- [What needs to be done]
Copy the data exactly from the line that contains "Krebs u. Waage GLBT Magnet" through the line that contains "schwarz - Pack", keeping both end lines and leaving out everything else.

- [Dataset]

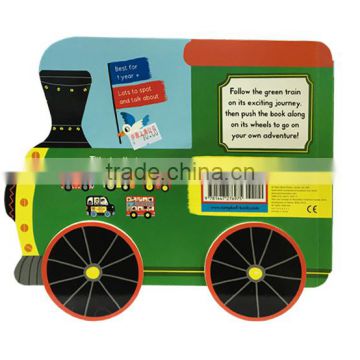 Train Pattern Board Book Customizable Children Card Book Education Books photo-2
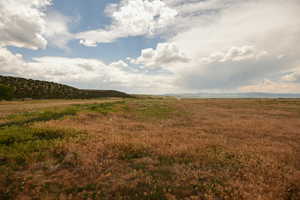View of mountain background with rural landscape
---
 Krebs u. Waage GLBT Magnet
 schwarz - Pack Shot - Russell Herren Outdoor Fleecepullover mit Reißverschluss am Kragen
---
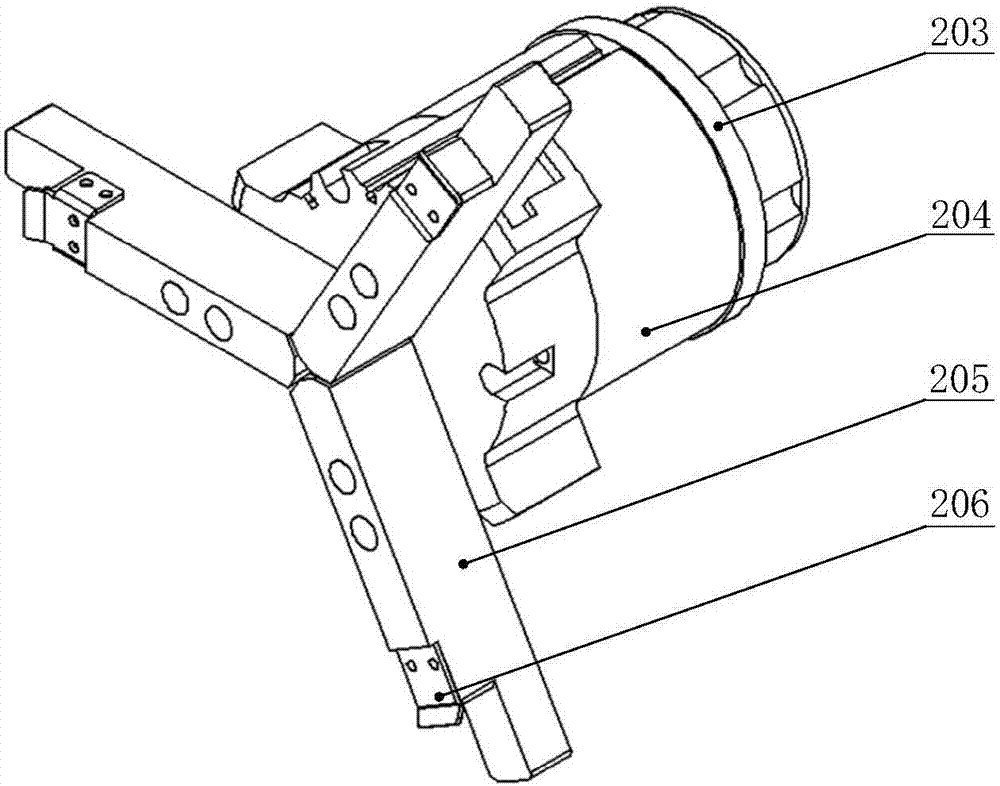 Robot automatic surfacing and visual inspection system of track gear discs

- [Finished exercise]
 Krebs u. Waage GLBT Magnet
 schwarz - Pack Shot - Russell Herren Outdoor Fleecepullover mit Reißverschluss am Kragen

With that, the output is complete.